**Problem description**
Copy the lines exactly as they appear, starting with the first line of the records and ending with the line that contains "OEM 2000 Lincoln".

**Data to use**
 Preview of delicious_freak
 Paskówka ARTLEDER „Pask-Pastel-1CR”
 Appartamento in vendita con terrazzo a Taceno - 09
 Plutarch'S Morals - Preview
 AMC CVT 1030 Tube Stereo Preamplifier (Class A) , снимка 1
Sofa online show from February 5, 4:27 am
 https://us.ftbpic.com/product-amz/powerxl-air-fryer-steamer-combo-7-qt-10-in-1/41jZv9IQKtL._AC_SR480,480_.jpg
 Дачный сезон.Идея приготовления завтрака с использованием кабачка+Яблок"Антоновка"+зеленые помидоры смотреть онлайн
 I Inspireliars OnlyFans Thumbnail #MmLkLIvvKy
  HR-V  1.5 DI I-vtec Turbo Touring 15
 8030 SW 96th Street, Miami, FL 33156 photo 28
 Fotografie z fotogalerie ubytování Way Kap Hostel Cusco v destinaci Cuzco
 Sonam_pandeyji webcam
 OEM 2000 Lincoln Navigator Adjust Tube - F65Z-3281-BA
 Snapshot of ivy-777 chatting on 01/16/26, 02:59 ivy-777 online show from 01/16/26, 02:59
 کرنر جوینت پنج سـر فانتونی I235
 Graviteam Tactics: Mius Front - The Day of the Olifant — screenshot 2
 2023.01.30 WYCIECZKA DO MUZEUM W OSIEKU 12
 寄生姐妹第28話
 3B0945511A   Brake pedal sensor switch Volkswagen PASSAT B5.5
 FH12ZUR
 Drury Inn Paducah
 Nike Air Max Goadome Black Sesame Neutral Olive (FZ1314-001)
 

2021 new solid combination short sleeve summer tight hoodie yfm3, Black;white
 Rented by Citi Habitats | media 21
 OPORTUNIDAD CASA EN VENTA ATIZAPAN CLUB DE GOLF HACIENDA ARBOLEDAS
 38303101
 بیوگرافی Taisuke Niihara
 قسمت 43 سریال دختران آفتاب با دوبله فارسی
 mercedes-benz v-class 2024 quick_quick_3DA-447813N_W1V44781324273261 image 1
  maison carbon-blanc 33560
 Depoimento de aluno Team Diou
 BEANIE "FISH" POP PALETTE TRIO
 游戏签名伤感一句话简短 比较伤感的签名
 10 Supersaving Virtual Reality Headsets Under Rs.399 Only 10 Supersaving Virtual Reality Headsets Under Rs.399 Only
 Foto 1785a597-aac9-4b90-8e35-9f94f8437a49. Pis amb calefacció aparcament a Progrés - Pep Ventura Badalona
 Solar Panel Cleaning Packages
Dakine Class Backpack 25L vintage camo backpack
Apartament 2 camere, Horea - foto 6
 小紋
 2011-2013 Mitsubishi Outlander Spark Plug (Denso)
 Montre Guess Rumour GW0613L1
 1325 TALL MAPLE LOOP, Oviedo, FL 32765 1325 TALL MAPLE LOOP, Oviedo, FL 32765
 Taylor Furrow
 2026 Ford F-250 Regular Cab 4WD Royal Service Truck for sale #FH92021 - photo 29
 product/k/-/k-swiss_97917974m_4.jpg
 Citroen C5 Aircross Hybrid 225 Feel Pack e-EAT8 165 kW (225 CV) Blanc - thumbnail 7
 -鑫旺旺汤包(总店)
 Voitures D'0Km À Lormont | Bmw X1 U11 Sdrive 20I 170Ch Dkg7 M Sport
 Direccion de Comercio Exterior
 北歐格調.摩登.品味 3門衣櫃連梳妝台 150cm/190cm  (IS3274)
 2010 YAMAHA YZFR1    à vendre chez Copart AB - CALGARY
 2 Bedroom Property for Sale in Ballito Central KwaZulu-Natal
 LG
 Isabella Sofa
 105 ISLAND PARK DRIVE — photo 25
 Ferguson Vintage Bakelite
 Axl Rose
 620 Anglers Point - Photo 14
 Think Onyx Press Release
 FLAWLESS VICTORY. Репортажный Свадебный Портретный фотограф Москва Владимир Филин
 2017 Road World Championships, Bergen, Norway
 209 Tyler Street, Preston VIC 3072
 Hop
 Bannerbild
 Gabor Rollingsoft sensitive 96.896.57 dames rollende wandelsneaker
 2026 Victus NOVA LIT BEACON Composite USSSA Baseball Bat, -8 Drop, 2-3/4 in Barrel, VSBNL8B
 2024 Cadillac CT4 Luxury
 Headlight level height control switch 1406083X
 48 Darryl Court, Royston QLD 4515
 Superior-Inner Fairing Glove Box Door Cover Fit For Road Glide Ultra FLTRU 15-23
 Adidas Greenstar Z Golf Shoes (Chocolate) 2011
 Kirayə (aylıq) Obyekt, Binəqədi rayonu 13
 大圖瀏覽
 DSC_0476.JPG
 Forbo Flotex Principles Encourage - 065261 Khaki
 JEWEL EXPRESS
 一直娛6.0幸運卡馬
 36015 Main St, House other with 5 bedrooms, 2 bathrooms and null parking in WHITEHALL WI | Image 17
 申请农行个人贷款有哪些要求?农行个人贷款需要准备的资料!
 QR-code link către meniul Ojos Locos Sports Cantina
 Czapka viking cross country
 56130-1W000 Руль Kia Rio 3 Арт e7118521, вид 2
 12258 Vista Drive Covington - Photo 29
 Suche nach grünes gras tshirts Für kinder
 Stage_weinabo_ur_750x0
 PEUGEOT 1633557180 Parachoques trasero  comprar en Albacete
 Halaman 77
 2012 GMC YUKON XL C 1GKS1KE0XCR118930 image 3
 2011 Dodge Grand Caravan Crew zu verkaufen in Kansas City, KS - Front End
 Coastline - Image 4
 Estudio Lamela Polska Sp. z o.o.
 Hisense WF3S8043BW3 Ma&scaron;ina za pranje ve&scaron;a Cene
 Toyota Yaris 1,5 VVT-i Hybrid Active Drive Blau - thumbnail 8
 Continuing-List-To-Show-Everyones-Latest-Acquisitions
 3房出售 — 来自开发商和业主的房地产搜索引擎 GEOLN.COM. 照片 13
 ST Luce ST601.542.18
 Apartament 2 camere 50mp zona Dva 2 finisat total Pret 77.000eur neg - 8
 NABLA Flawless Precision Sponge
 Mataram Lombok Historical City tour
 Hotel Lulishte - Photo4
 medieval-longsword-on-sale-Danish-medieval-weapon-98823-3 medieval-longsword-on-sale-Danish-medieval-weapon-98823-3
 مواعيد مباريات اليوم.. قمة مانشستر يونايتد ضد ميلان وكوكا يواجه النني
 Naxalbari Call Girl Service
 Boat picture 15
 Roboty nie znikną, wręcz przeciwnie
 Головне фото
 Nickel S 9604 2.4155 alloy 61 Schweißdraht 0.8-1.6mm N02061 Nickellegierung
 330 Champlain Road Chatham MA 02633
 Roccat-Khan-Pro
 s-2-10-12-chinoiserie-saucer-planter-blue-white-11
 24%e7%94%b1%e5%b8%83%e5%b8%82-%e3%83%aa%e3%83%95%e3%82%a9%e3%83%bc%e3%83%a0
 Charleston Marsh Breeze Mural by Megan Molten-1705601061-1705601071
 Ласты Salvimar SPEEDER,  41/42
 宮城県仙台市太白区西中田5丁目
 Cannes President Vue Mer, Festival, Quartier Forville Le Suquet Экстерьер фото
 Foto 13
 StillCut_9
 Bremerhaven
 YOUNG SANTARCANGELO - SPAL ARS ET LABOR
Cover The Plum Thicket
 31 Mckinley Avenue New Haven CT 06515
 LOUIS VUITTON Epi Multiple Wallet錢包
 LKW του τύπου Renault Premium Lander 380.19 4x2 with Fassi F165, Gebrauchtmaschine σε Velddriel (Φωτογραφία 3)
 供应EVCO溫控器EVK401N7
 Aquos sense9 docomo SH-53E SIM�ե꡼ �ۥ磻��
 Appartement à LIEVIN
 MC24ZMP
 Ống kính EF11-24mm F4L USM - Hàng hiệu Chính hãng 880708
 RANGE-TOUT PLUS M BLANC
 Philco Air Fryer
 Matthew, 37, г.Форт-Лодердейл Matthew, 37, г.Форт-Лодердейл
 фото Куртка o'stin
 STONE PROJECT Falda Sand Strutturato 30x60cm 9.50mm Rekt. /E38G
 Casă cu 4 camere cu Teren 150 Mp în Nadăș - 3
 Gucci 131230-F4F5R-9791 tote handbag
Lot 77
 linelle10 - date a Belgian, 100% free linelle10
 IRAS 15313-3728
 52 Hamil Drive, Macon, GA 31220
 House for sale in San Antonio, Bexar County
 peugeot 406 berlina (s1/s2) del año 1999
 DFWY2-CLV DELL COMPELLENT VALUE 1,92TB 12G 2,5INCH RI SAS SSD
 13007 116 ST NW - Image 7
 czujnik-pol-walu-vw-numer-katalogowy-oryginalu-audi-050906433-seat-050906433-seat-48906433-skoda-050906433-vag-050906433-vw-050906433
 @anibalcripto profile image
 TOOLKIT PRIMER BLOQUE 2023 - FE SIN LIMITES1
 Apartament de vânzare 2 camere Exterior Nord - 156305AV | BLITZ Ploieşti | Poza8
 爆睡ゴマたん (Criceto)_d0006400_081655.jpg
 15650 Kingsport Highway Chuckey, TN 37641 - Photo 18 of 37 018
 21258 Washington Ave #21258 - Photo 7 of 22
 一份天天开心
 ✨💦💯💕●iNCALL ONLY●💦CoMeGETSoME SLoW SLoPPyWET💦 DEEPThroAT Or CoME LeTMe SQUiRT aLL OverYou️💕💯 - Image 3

**Solution for this task**
 Preview of delicious_freak
 Paskówka ARTLEDER „Pask-Pastel-1CR”
 Appartamento in vendita con terrazzo a Taceno - 09
 Plutarch'S Morals - Preview
 AMC CVT 1030 Tube Stereo Preamplifier (Class A) , снимка 1
Sofa online show from February 5, 4:27 am
 https://us.ftbpic.com/product-amz/powerxl-air-fryer-steamer-combo-7-qt-10-in-1/41jZv9IQKtL._AC_SR480,480_.jpg
 Дачный сезон.Идея приготовления завтрака с использованием кабачка+Яблок"Антоновка"+зеленые помидоры смотреть онлайн
 I Inspireliars OnlyFans Thumbnail #MmLkLIvvKy
  HR-V  1.5 DI I-vtec Turbo Touring 15
 8030 SW 96th Street, Miami, FL 33156 photo 28
 Fotografie z fotogalerie ubytování Way Kap Hostel Cusco v destinaci Cuzco
 Sonam_pandeyji webcam
 OEM 2000 Lincoln Navigator Adjust Tube - F65Z-3281-BA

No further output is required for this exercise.